Agriculture Cabinet Secretary Mithika Linturi said the money can be used to produce more food and the surplus exported.
This will increase the foreign currency reserves in the country and stabilise the Shilling.
“The idea behind our subsidy programme is to support production and not consumption,” Linturi said.
He said the fertiliser subsidy doubled maize production from the previous 32 million to 61 million bags last year.
Linturi said more needs to be done to improve the country's food security.
“Food security means we also reduce the budget we spend on health because a well-fed nation rarely gets sick,” Linturi said.
He spoke during a meeting with the Council of Governors and World Bank in Mombasa.
World Bank injected $450 million (Sh71.2 billion) in 2021 to support the agricultural sector.
The first two major projects, the National Agricultural and Rural Inclusive Growth and the Kenya Climate Smart Agriculture have been fully implemented.
About $250 million (Sh39.6 billion) was channeled to the new National Agricultural Value Chain Development project.
The project seeks to increase market participation and value addition for 500,000 small scale farmers in 26 counties.

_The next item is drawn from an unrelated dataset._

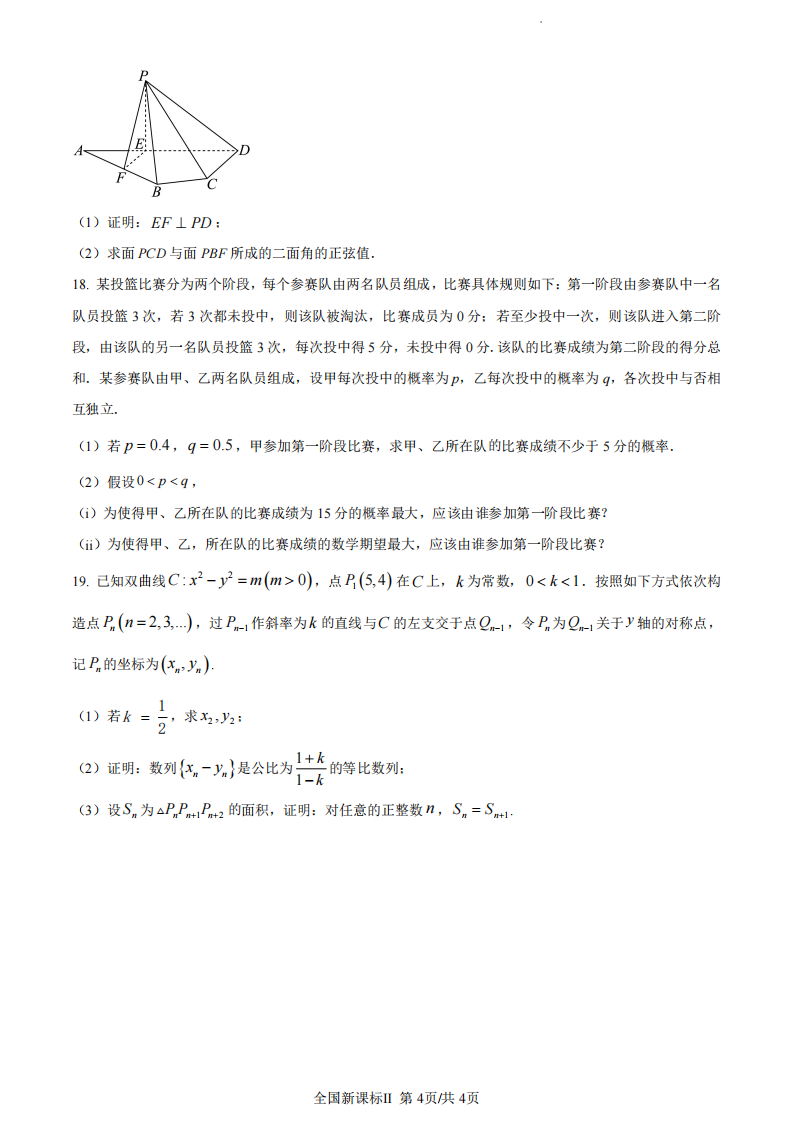 2024年海南高考數(shù)學(xué)試卷真題及答案解析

NAVCDP will build on the foundation set by the NARIG and KCSAP.
It will focus in dairy, poultry, fruits and vegetable farming.
Farmers in coffee, cotton, cashew nut, pyrethrum and apiculture value chains will also be included.

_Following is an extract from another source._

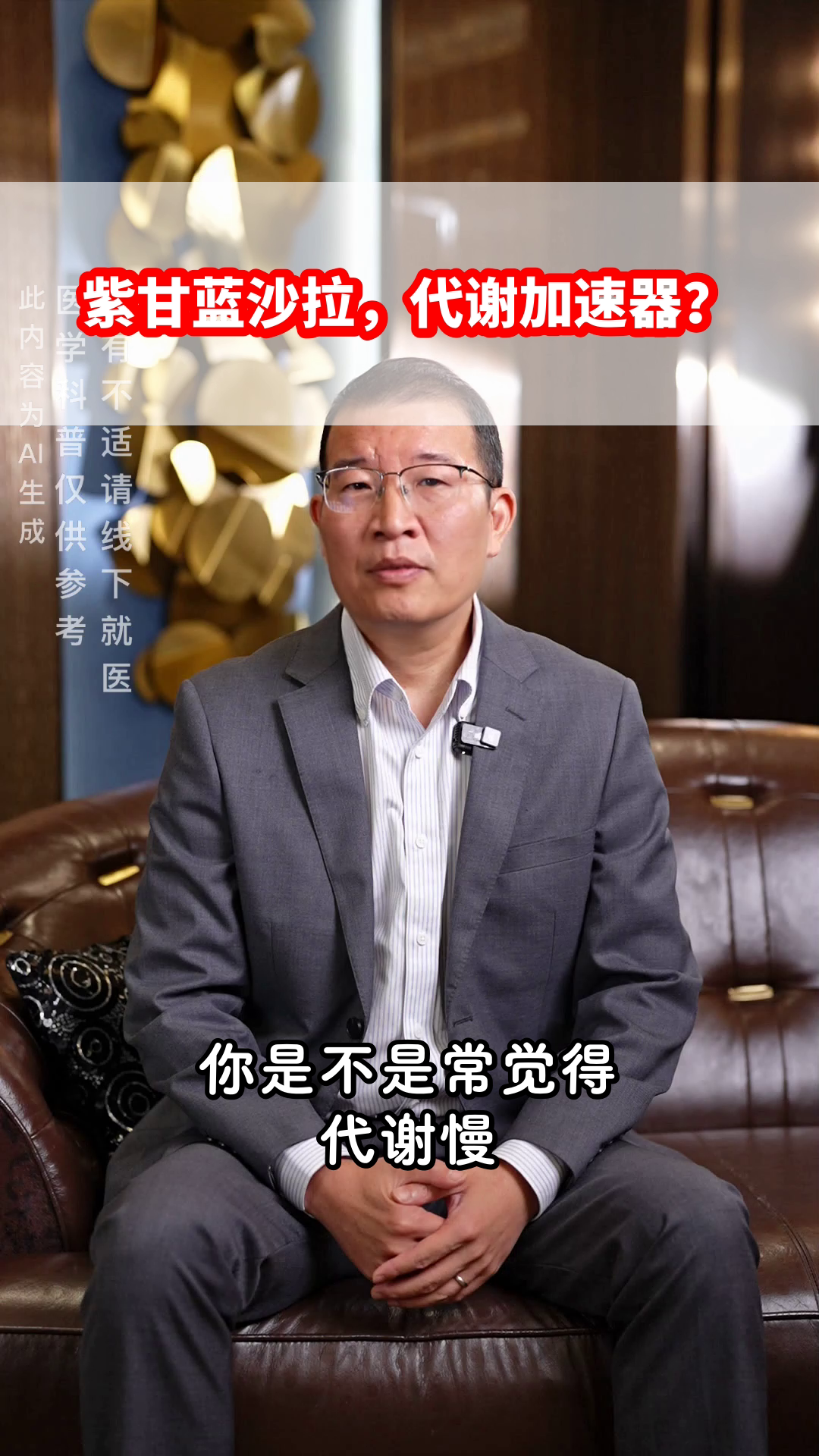 紫甘蓝沙拉,代谢加速器?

Linturi said the success of the projects is due to the good working relationship between the two levels of government and the World Bank.

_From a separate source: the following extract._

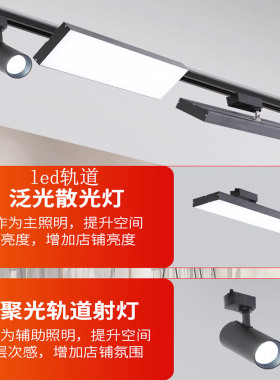 长条led导轨照明灯服装店铺直播间不刺眼补光射灯商用轨道灯散光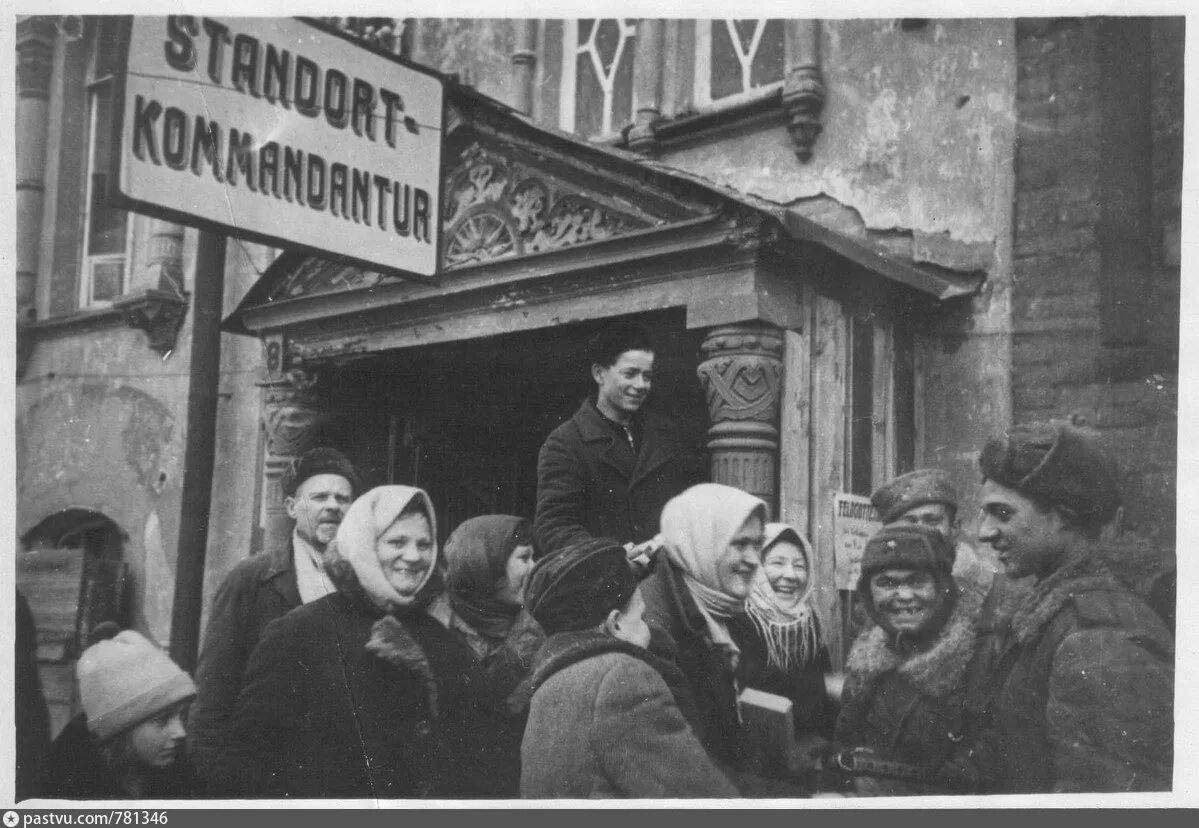 Комендатура гатчина. Гатчина в годы оккупации 1941-1944. гатчина в годы оккупации. гатчина 1941. гатчина во время великой отечественной войны.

He said so far, lives of 1.5 million farmers have been changed. More than five million farmers are expected to be touched in the next project.
About 6.5 million farmers have so far been registered since last year.
“We can see results of collaboration. We may have challenges but when we sit down and iron out issues, things move fast,” Linturi said.
CoG Agriculture committee chairman Ken Lusaka said the World Bank projects have been implemented in 45 counties.
“We are looking forward to more collaborations. I urge other ministries to also collaborate with counties,” he said.
CoG Agriculture committee vice chairman and Nyeri Governor Mutahi Kahiga urged county governments to increase agriculture funding.
He said it is not sustainable to depend on World Bank.
“We have observed that 80 per cent of agriculture funding comes from World Bank and that is not very sustainable. We need to increase our budgetary allocation,” Kahiga said.
Linturi said the government has put focus on coconut farming to increase palm oil production.
“That is why when you fertiliser, we give you sunflower seeds for free,” he said.
The CS said the government will crackdown dealers in fake seeds, fertiliser and pesticides.
“We will move with speed to make sure that those people are apprehended,” Linturi said.
Pest Control and Products Board CEO Fredrick Muchiri was last year, after his appointment, urged to deal with the unscrupulous traders.